TASK OBJECTIVE:
Taking only the lines of the data below from the line with "Abevê Supermercados Cerveja" to the line with "Schuifdeur NARVIK Naturel", ends included, write them out exactly and without pictures.

EXERCISE MATERIAL:
=-=-=-=-=
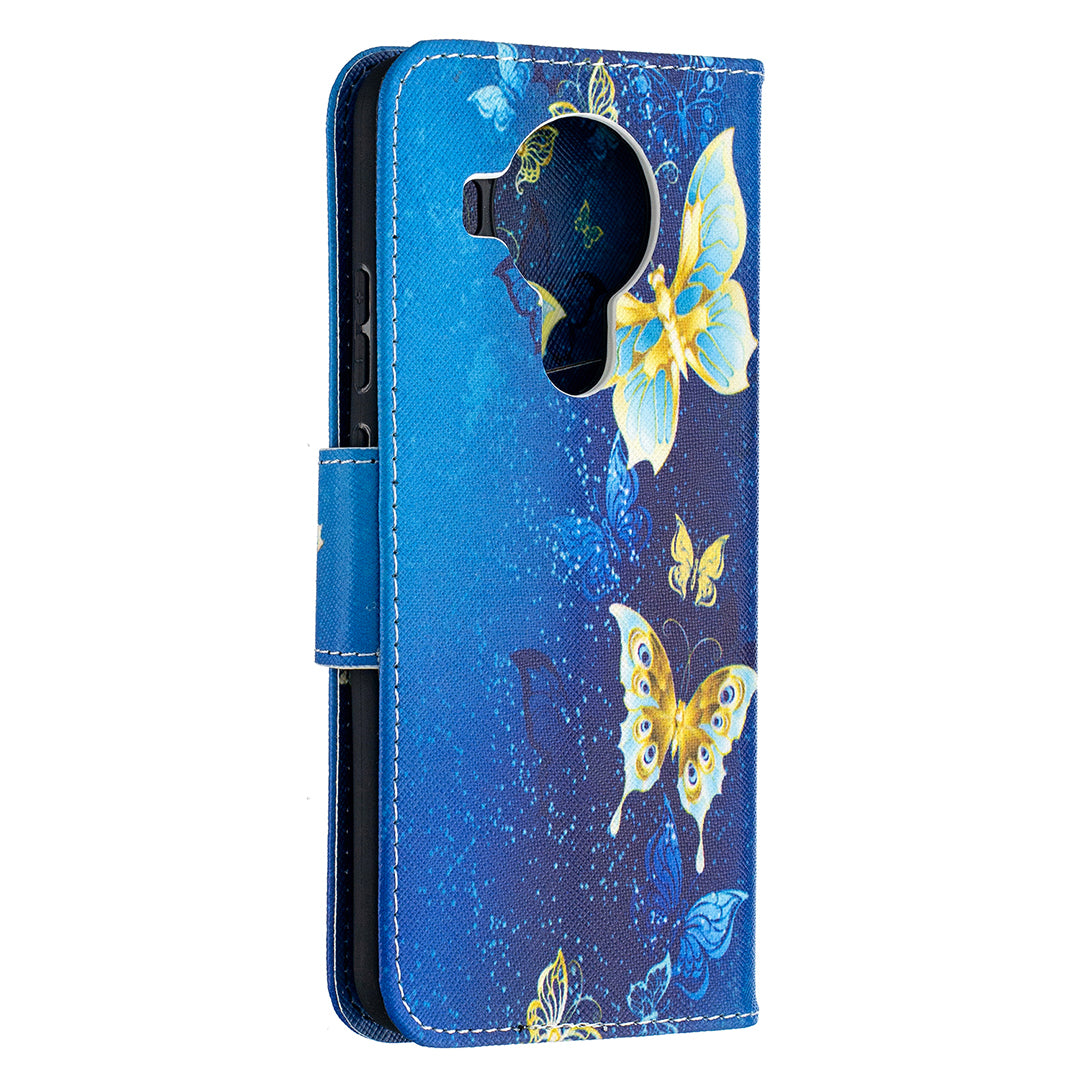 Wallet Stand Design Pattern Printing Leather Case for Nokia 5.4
=-=-=-=-=
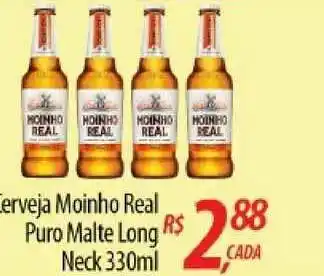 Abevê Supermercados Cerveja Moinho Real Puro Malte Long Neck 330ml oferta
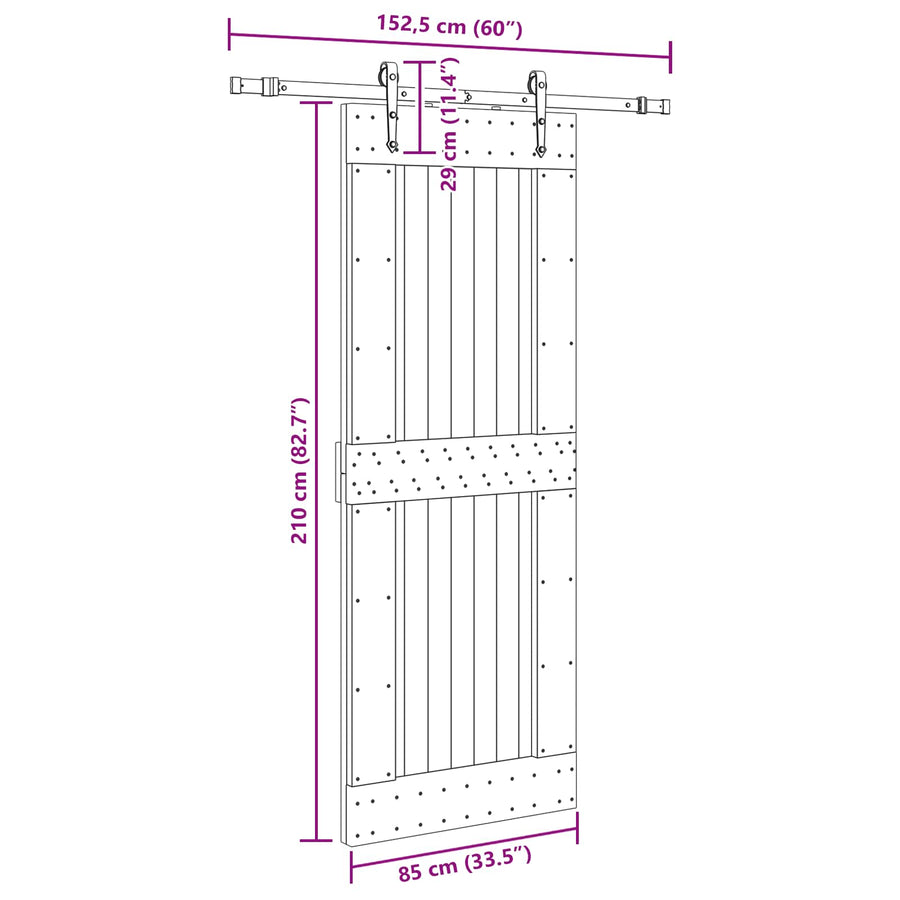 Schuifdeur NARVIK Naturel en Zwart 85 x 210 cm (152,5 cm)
=-=-=-=-=
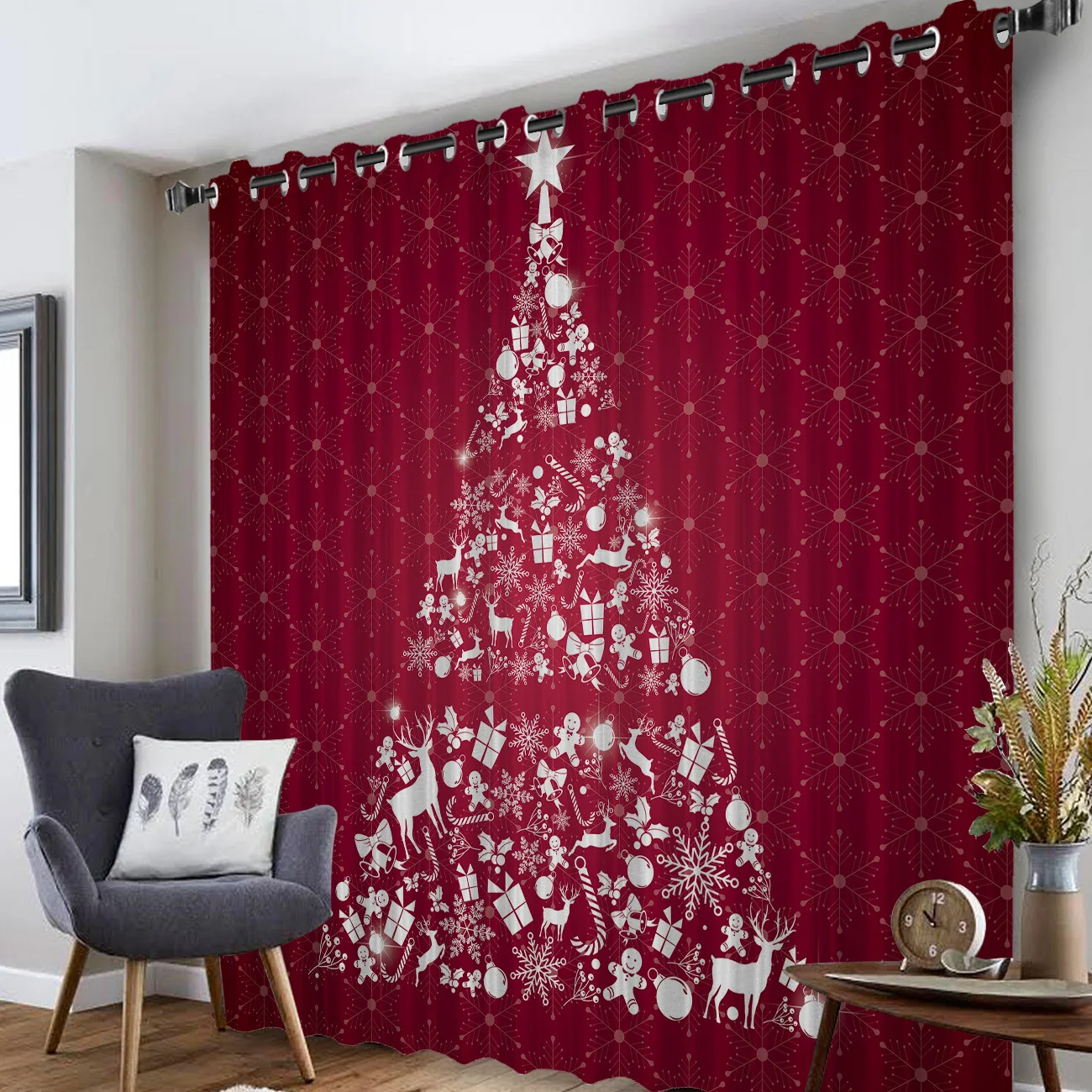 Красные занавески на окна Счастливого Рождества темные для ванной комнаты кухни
=-=-=-=-=
OUTPUT OF THE TASK:
 Abevê Supermercados Cerveja Moinho Real Puro Malte Long Neck 330ml oferta
 Schuifdeur NARVIK Naturel en Zwart 85 x 210 cm (152,5 cm)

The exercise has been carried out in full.